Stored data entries
>>>
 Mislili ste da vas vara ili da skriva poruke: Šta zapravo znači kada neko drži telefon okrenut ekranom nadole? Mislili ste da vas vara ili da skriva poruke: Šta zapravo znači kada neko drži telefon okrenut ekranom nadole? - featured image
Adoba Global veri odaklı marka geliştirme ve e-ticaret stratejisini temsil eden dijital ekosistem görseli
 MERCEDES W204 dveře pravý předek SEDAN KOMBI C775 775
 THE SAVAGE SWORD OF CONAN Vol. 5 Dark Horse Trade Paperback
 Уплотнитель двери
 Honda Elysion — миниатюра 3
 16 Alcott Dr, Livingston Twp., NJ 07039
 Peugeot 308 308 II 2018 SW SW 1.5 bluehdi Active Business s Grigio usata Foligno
<<<
#### Work to complete:
Give back exactly the lines running from the line that has "Уплотнитель двери" to the end of the entries above.

#### Finished exercise:
 Уплотнитель двери
 Honda Elysion — миниатюра 3
 16 Alcott Dr, Livingston Twp., NJ 07039
 Peugeot 308 308 II 2018 SW SW 1.5 bluehdi Active Business s Grigio usata Foligno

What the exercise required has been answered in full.